1. What data in particular will be shared?
   Response - All of the individual participant data collected during the trial, after de-identification.
   


2. What additional supporting information will be shared?
   Response -  Study Protocol
   Response -  Statistical Analysis Plan
   Response - Informed Consent Form
   Response - Clinical Study Report
   Response -  Analytic Code
   
   
3. Who will be able to view these files?
   Response - Anyone
   


4. For what types of analyses will this data be available?
   Response - Any purpose.
   


5. By what mechanism will data be made available?
   Response (Others) -  thesis


6. For how long will this data be available start date provided 19-02-2025 and end date provided 19-03-2025?
   Response - Immediately following publication. No end date.
   


7. Any URL or additional information regarding plan/policy for sharing IPD? 
   Additional Information - NIL

·      Currently most of the babies with mild to moderate respiratory distress managed with oxygen therapy via nasal cannula. Previous studies demonstrated that just five minutes of respiration using ambient gas with no heating or humidification in ventilated infants resulted in a significant decrease in both pulmonary compliance and conductance. Cool, dry air induces a bronchoconstriction response, increases resistance of airway.High-flow nasal cannula systems are designed with proper gas conditioning such as inline warming and humidification systems of supplied gas.
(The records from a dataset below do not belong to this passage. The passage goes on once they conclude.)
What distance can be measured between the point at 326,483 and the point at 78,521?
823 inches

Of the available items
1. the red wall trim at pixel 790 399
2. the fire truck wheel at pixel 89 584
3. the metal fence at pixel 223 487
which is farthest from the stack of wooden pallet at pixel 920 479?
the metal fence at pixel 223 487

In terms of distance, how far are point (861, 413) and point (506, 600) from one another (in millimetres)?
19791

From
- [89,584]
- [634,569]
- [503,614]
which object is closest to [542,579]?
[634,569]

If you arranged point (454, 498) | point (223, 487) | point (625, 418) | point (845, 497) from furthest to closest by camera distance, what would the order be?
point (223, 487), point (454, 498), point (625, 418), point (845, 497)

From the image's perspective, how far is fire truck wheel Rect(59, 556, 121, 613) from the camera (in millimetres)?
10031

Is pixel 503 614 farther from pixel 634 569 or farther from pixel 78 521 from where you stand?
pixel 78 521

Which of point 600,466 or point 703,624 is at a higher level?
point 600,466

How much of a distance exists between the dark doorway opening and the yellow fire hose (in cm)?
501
Over last 2 decades there is increasing acceptance of HFNC among neonatal health care provider for management of respiratory distress in neonates.For this study, all cases satisfying inclusion criteria admitted in KIMS, Bhubaneshwar from time period of march 2023-Feb2025 will be considered.   Written consent from parents will be obtained after explaining them regarding intervention done. Baseline demographic maternal and neonatal characteristics will  be noted.Subjects will be assigned into two arms of study by simple randomisation as per inclusion and exclusion criteria.Newborns randomized to HFNC will be started on a flow rate of 4L/min and FiO2 adjusted to maintain oxygen saturations between 91-95%. Once initiated, the measures will be titrated as needed by the attending neonatologist to ameliorate signs of respiratory distress to a maximum flow rate of 8L/min and FiO2 of 60%. The nasal cannula size (0.2 cm or 0.3 cm outer diameter) will determined by the caliber of the subject’s nares).The NC flow will be started either at 0.5-1lit/min (acc. To WHO guidelines). The maximum flow to be titrated upto 4 l/min to attain target saturations 91–95% according to our institutional protocol. The size of nasal cannula will be determined by the caliber of the subject’s nares.Study participants who fail to respond to the assigned respiratory modality to be upgraded to either CPAP or mechanical ventilation based on the severity of RD and neonatologist’s decision.Study subjects follwed up for time required on oxygen support.Statistical Analysis done using collected data.